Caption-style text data
────────────────────

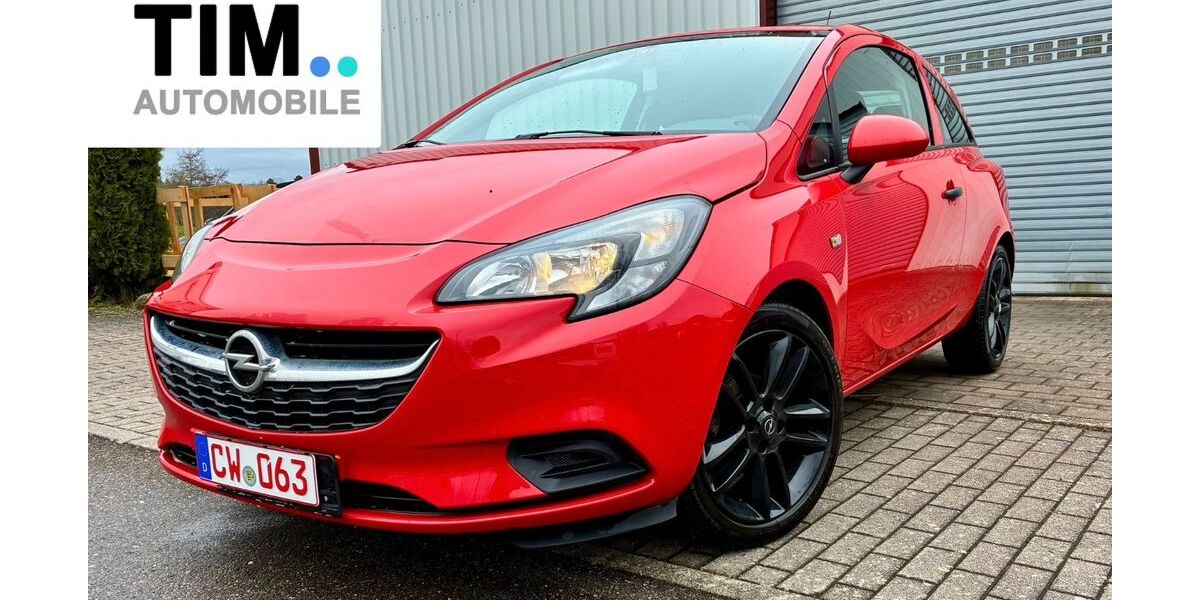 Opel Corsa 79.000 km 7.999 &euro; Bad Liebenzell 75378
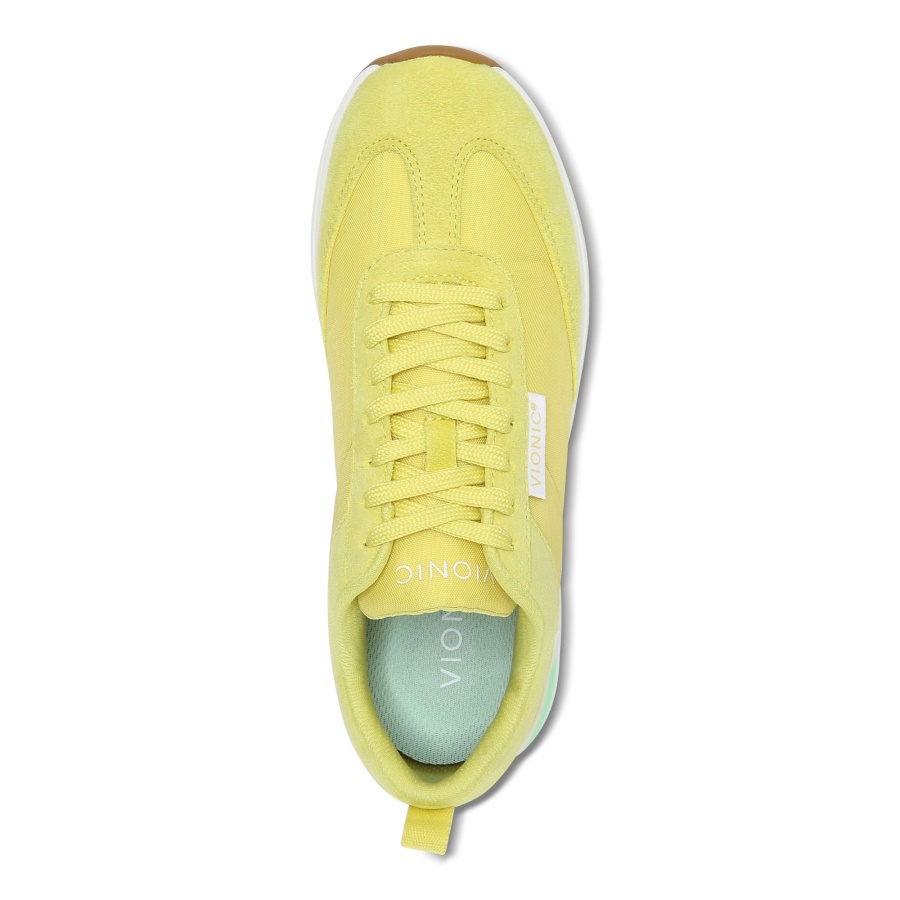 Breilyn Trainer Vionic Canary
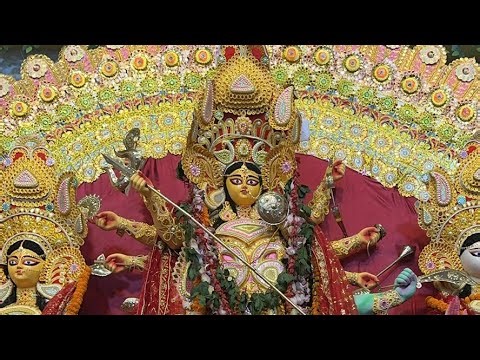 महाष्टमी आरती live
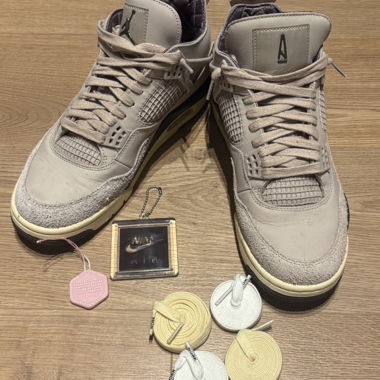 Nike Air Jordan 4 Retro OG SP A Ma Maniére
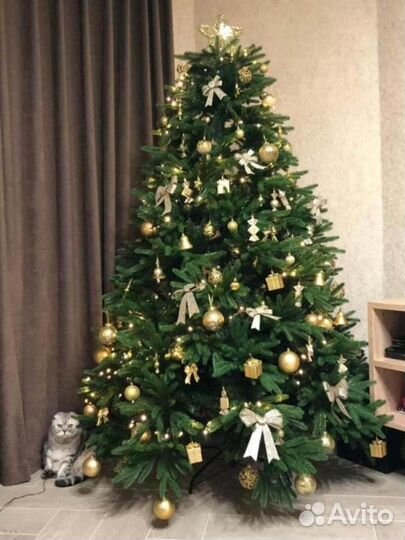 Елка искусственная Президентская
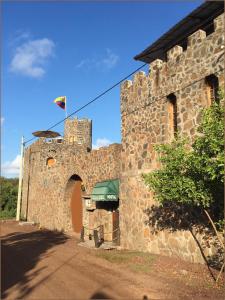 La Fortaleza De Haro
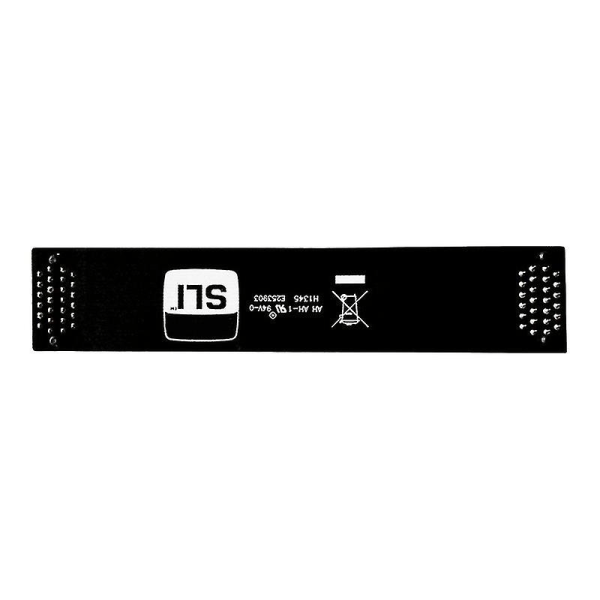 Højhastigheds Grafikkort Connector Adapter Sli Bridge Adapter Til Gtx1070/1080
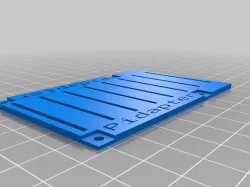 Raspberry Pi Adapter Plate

────────────────────

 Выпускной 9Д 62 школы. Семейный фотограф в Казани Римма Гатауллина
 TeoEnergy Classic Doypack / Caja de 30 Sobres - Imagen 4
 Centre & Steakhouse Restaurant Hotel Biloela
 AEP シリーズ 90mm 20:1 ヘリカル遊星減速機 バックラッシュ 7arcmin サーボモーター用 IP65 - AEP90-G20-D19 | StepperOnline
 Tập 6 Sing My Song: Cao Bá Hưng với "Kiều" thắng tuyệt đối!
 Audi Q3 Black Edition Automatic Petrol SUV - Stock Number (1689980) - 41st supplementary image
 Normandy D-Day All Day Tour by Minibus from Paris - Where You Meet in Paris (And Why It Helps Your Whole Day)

────────────────────

### About this exercise
Your copy should hold only the lines above from the one containing "La Fortaleza De Haro" through the one containing "Raspberry Pi Adapter Plate", exactly as written and free of pictures.

### Response area
 La Fortaleza De Haro
 Højhastigheds Grafikkort Connector Adapter Sli Bridge Adapter Til Gtx1070/1080
 Raspberry Pi Adapter Plate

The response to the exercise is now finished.